St Patrick's College in Upper Hutt for their second annual Samoan Language Week celebration on Monday.
The Samoan Language students put on a presentation that included a traditional 'Ava 'o le Feiloa'iga ceremony conducted by the senior students, spoken presentations from the junior Gagana Samoa students, and a Taualuga which included all of the students.
A Samoan teacher at St Pat's and organiser of the event, Liko Alosio, says with only 10 percent of students being Pasifika at the college, instilling a sense of pride in the Samoan students is important.
"Just being able to give back to their ancestors or their parents. Most of [the students] are first generation-born, New Zealand-born Samoans so a lot of their parents have emigrated here for a better life, for a better future, for a better lifestyle for their kids.
"And I guess for the parents to be able to see them interact and re-enact something in their culture ... it's a way of service, service to their parents."

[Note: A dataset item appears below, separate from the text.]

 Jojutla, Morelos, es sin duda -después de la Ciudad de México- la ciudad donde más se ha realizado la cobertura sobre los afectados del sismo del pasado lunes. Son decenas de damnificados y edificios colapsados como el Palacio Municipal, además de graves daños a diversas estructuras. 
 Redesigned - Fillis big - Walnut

Year 11 Julius Masoi says he has learnt a lot about Samoan customs and traditions since learning the language at school. He told me about the 'Ava ceremony.
"If you look into it we've got, like, traditional stuff, the 'ava ceremony, or calling out the food for the people to come in, the chief titles, that's all traditional.
"Because these roles that our students are doing are meant for chiefs and we're only, like students, and we're just trying to act it out. The harder you try the easier it gets."
While Year 10 Junior Bartley told me about what his class included in their speeches.
"We just picked different introductions and stuff. just talked about the principal, said good stuff about him. It's like the hierarchy. He's higher in our school."
And Elisaia Stowers- Kasiano, who is in the same class, says their speeches also focused on their families.
We were just introducing their names. To start with, they are higher than us so we also have to mention them."
Year 9 student Senio Sanele, who is 14, says learning Samoan at school has allowed him to connect with his older Samoan relatives.
"Throughout my life my grandparents speak to me in Samoan, my whole family does, but I respond in English but then I start learning new words and then I start speaking Samoan to them."
Year 11 Jona Bartley was the Tufa'ava at the ceremony. He was born in Samoa and moved here with his family in 2007.
He grew up speaking Samoan, and was surprised when he got there that other young Samoans had much less understanding of it.
"I found it weird that they're Samoans and they don't understand or talk in our language. I found that was different to the way I was brought up. Like everyone speaks Samoan.
"And why do you think it's important that those people learn about their culture, the ones who weren't born over there or who don't know much about the language or the culture?
"I think it's important for them so they can just like teach it to their kids in the future and they will understand where they came from as well and their parents and why they came to New Zealand."
Samoan Language Week runs until 2 June.